Pour information, en Belgique, un chauffeur coûte en moyenne à l’employeur entre 4 500 et 5 000 euros par mois. Selon la CSC-Transcom, les chauffeurs roumains «sont payés entre 550 et 600 euros brut par mois».
Le LCGB s’interroge et s’inquiète
À première vue, l’enquête du syndicat belge n’a pas montré de lien direct avec les activités luxembourgeoises du groupe. Présent à Weiswampach, dans le nord du pays, Jost SA inquiète pourtant le LCGB.
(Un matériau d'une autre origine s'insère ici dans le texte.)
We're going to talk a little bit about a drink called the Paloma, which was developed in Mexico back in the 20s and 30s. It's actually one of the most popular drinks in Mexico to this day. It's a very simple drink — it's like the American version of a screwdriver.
Le syndicat luxembourgeois, par la voix de Paul Glouchitski, secrétaire syndical adjoint, s’interroge : «Au mois d’avril, Jost SA, qui compte une quarantaine de chauffeurs, en a mis 21 au chômage partiel. Cela veut dire que 80 % du salaire est payé par le gouvernement luxembourgeois, qui a mis en place cela pour aider les entreprises en difficulté pendant cette crise sanitaire. Sans oublier que le chauffeur perd 20 % de sa rémunération, ce qui n’est pas négligeable. Cela interpelle donc de voir qu’en Belgique les carnets de commandes sont pleins et nécessitent de faire venir plus de 150 chauffeurs de Roumanie, alors qu’ici, au Luxembourg, la moitié des effectifs ont été mis au chômage partiel en avril.»
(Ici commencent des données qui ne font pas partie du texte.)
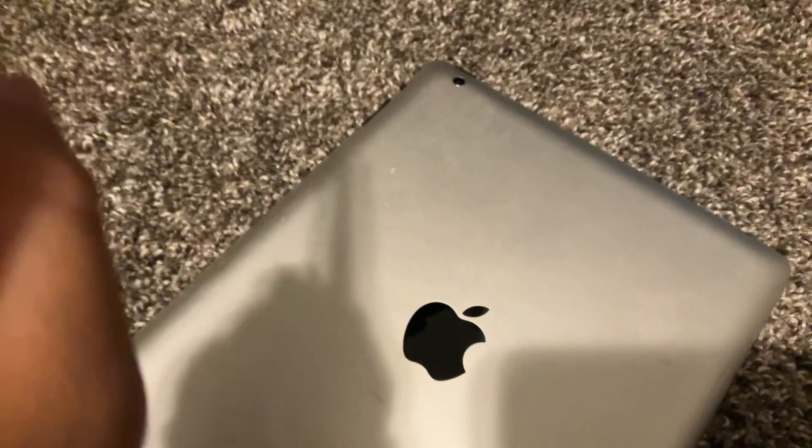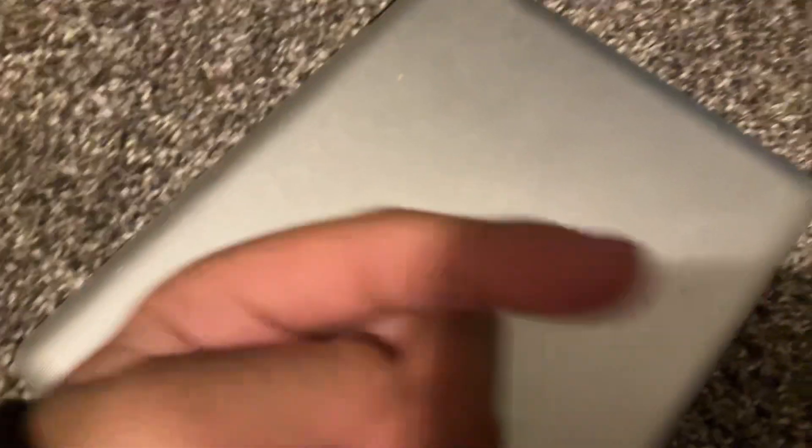I'm making this on an iPad mini, so let me just test something — the iPad mini fits inside of the screen of this thing. This was my iPad back in the day. I had this, the iPad mini 2, and the iPad mini 6.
Roberto Parillo confirme : en Belgique, le secteur fait face à une demande énorme. «Avec la crise sanitaire, le secteur du transport n’a jamais cessé, notamment pour livrer les grandes enseignes et les magasins. Selon le retour du terrain, il n’y a jamais eu autant de travail, jusqu’à +25 % par rapport à des périodes hautes comme la fin d’année.» Du côté luxembourgeois, le secteur n’est pas en reste, comme le souligne Paul Glouchitski : «Il y a une pénurie de chauffeurs au Grand-Duché et il est vrai que le secteur du transport se porte bien. C’est bien pour cela que l’on s’interroge sur les pratiques de Jost SA.» En mai dernier, dix chauffeurs y étaient en chômage partiel et six en juin dernier.
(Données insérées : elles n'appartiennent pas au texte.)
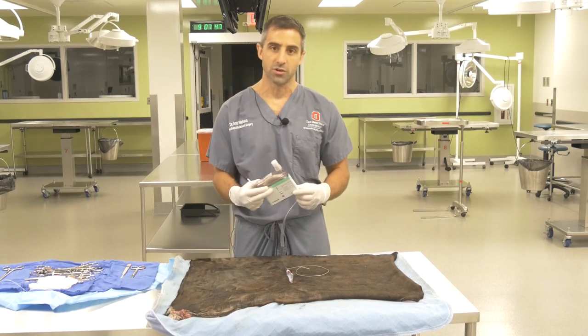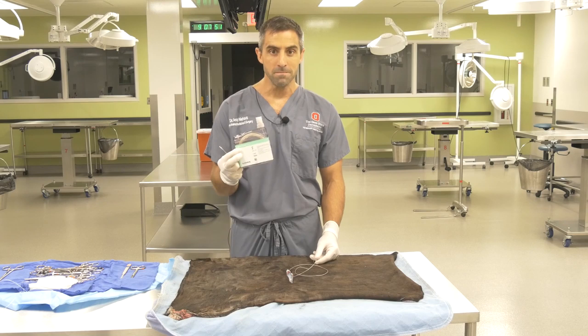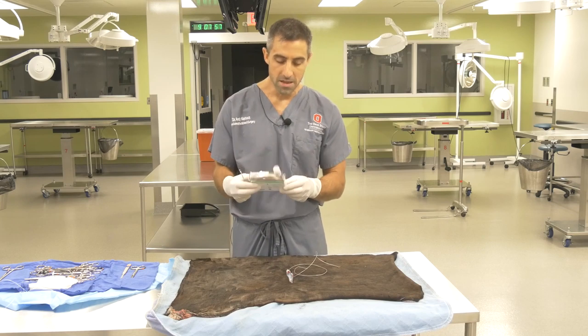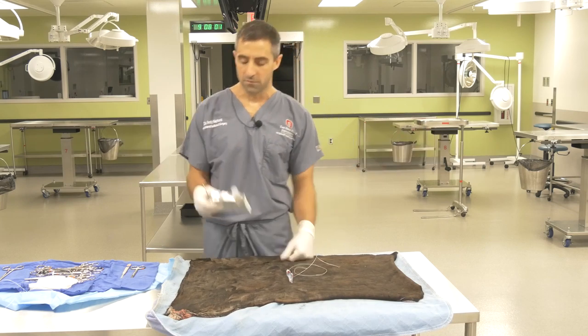Very commonly in suturing bovine skin, at least here at OSU, we use Bronimid. One of the nice things about Bronimid is it comes on a reel, so it's fairly inexpensive and we can custom make whatever length of suture we want.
En d’autres termes, le LCGB se demande si la perte salariale que subissent les chauffeurs luxembourgeois au chômage partiel est justifiée par une réduction de l’activité à cause de la situation sanitaire et économique ou bien si elle fait partie d’une stratégie d’optimisation budgétaire, Jost SA faisant des économies au niveau tant des salaires payés que des charges sociales. «Si tel est le cas, ce serait tout simplement inadmissible. C’est pour cela que nous avons demandé à l’ITM de renforcer les contrôles», insiste Paul Glouchitski.
Les représentants du groupe Jost n’ont pas manqué de réagir aux accusations de la CSC-Transcom. Ils ont affirmé auprès de nos confrères de la RTBF que «les conditions de travail et d’hébergement citées par l’organisation syndicale, de même que les conditions de paiement du salaire, relèvent de la pure diffamation».
Il est important de rappeler qu’à ce stade le groupe Jost bénéficie de la présomption d’innocence.